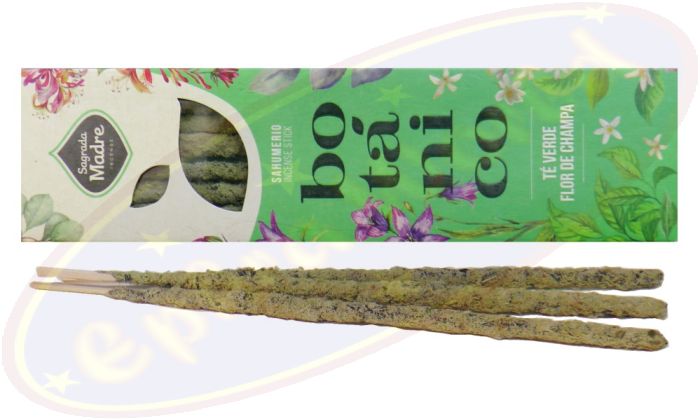 Sagrada Madre Botanico Te Verde Flor de Champa Smudge Räucherstäbchen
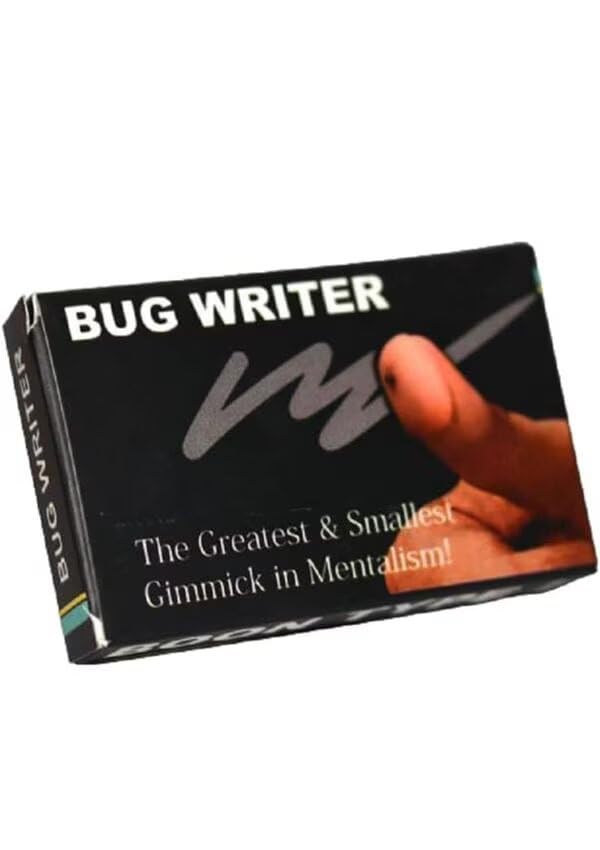 Patil Magic-Invisible Bug Writer Gimmick Magnetic NailWriting Prop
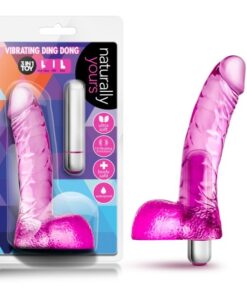 Naturally Yours - Vibrating Ding Dong - Pink
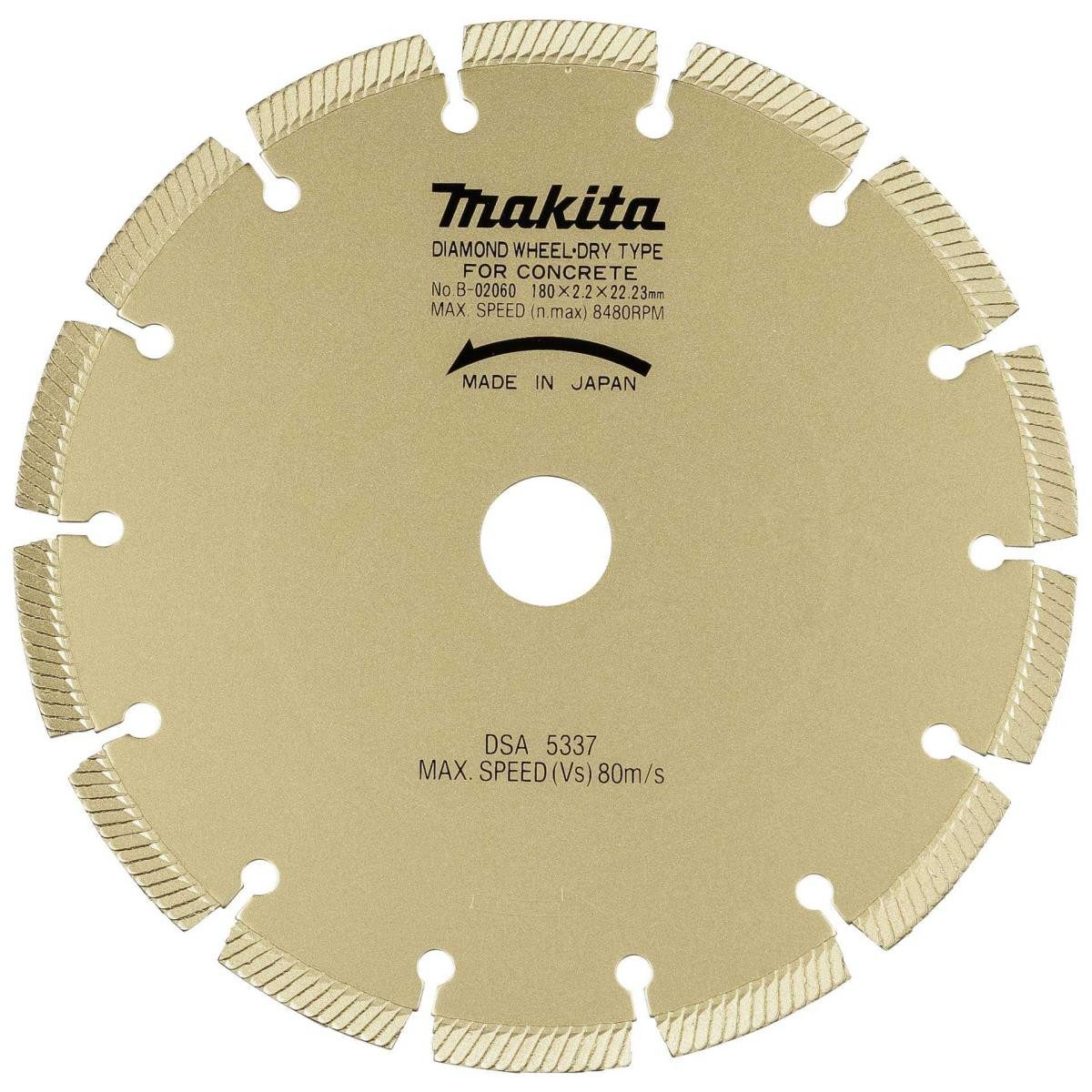 Makita Akku-Multifunktionswerkzeug Makita B-02060 180 mm Diamant-Trennscheibe, Produkt, Makita, Makita Werkzeug und Geräte für Heimwerker und Handwerk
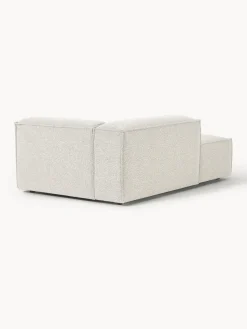 Diván rinconero modular en tejido bouclé Lennon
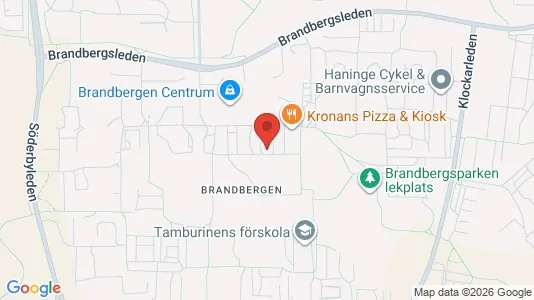 Lägenheter att hyra i Haninge - kort over placeringen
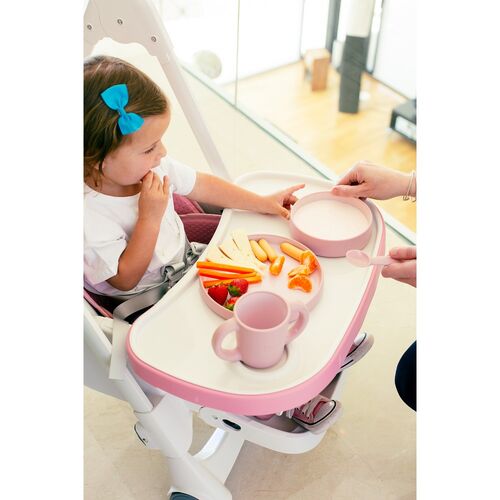 INTERBABY SET VAJILLA ROSA MAQUILLAJE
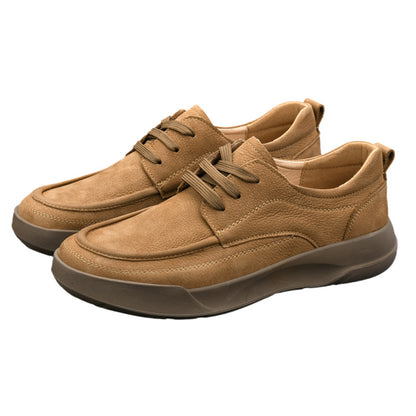 Men's Spring Leather Shoes: Business/Casual, Comfortable.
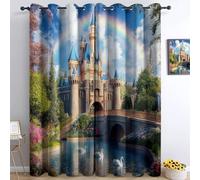 Cortinas opacas con ojales de 55 pulgadas de ancho x 102 pulgadas de largo, cortinas de ventana con aislamiento térmico para sala de estar, dormitorio, 2 paneles para niños y niñas
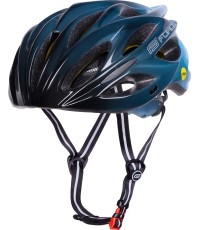 Kask FORCE BULL HUE MIPS // rozmiar S-M (55-58 cm) (niebieski/czarny)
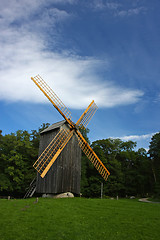 Image showing Windmill landscape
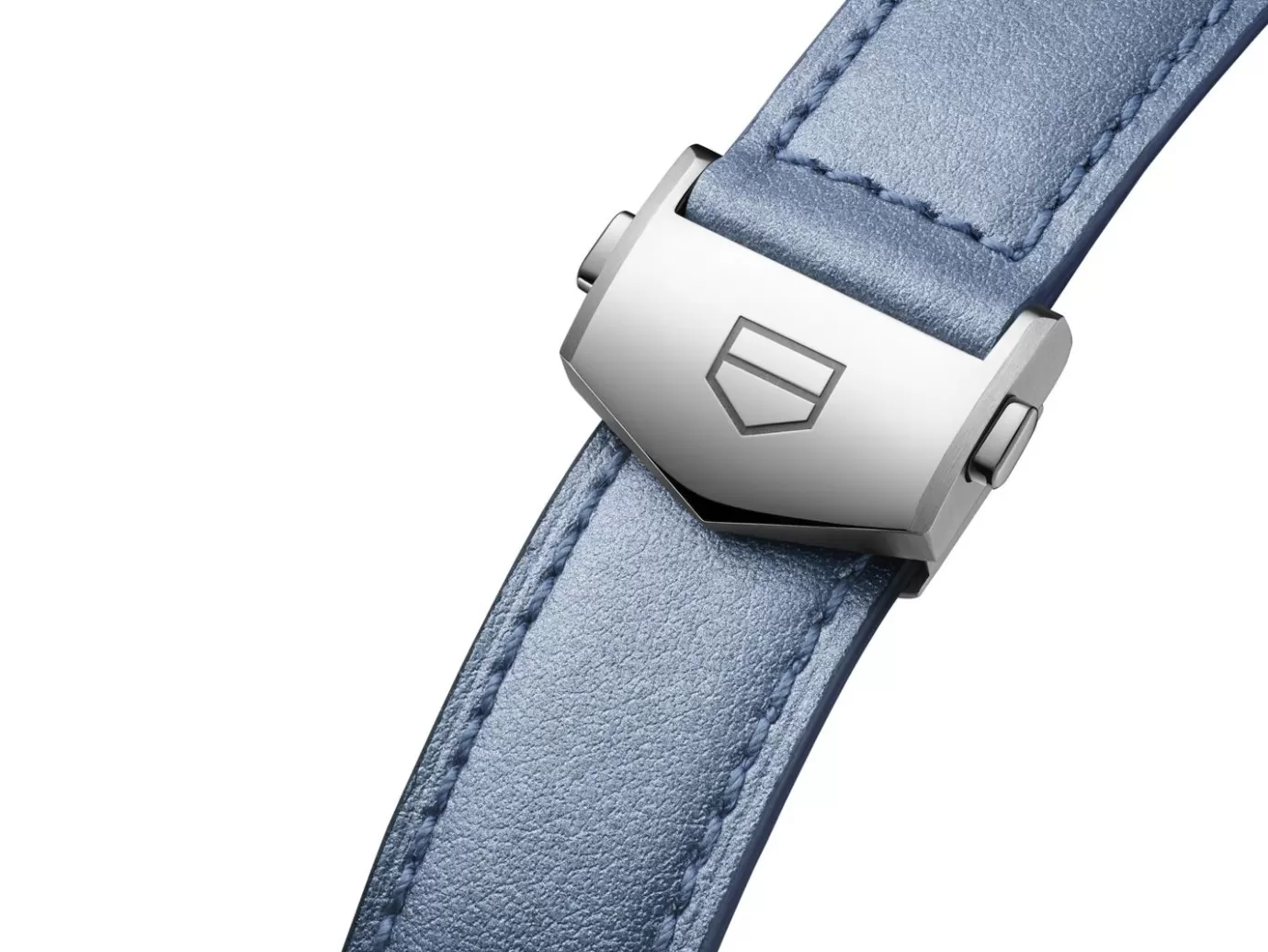 TAG Heuer Carrera 39Mm Metallic Blue Leather Strap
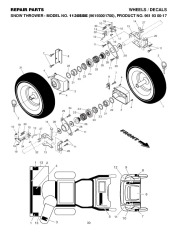 Husqvarna 1130SBE Snow Blower Owners Manual, 2006,2007,2008 page 30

════

● Exercise description
Where an entry holds an image, drop the image and copy the remaining text exactly.

● Your solution
 Sagrada Madre Botanico Te Verde Flor de Champa Smudge Räucherstäbchen
 Patil Magic-Invisible Bug Writer Gimmick Magnetic NailWriting Prop
 Naturally Yours - Vibrating Ding Dong - Pink
 Makita Akku-Multifunktionswerkzeug Makita B-02060 180 mm Diamant-Trennscheibe, Produkt, Makita, Makita Werkzeug und Geräte für Heimwerker und Handwerk
 Diván rinconero modular en tejido bouclé Lennon
 Lägenheter att hyra i Haninge - kort over placeringen
 INTERBABY SET VAJILLA ROSA MAQUILLAJE
 Men's Spring Leather Shoes: Business/Casual, Comfortable.
 Cortinas opacas con ojales de 55 pulgadas de ancho x 102 pulgadas de largo, cortinas de ventana con aislamiento térmico para sala de estar, dormitorio, 2 paneles para niños y niñas
 Kask FORCE BULL HUE MIPS // rozmiar S-M (55-58 cm) (niebieski/czarny)
 Image showing Windmill landscape
 TAG Heuer Carrera 39Mm Metallic Blue Leather Strap
 Husqvarna 1130SBE Snow Blower Owners Manual, 2006,2007,2008 page 30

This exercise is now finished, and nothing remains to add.